Paul HamさんがオーストラリアのABCテレビで話している動画リンクが以下です。
Ham challenges role of atomic bomb in WWII
冒頭の動画でKetsugoという言葉が出てきますが、本土決戦の作戦を「決号」と呼んでいたようです。
(Wikipedia)
Operation Ketsugō
Meanwhile, the Japanese had their own plans. Initially, they were concerned about an invasion during the summer of 1945. However, the Battle of Okinawa went on for so long that they concluded the Allies would not be able to launch another operation before the typhoon season, during which the weather would be too risky for amphibious operations. Japanese intelligence predicted fairly closely where the invasion would take place: southern Kyūshū at Miyazaki, Ariake Bay, and/or the Satsuma Peninsula.[20]

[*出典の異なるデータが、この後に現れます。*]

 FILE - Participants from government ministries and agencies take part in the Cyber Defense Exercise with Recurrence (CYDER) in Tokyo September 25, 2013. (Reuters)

While Japan no longer had a realistic prospect of winning the war, Japan's leaders believed they could make the cost of conquering Japan too high for the Allies to accept, which would lead to some sort of armistice rather than total defeat. The Japanese plan for defeating the invasion was called Operation Ketsugō (決号作戦 ketsugō sakusen?) ("Operation Codename Decisive"). The Japanese were secretly constructing an underground headquarters in Matsushiro, Nagano Prefecture, which could be used in the event of Allied invasion to shelter the Emperor and the Imperial General Staff.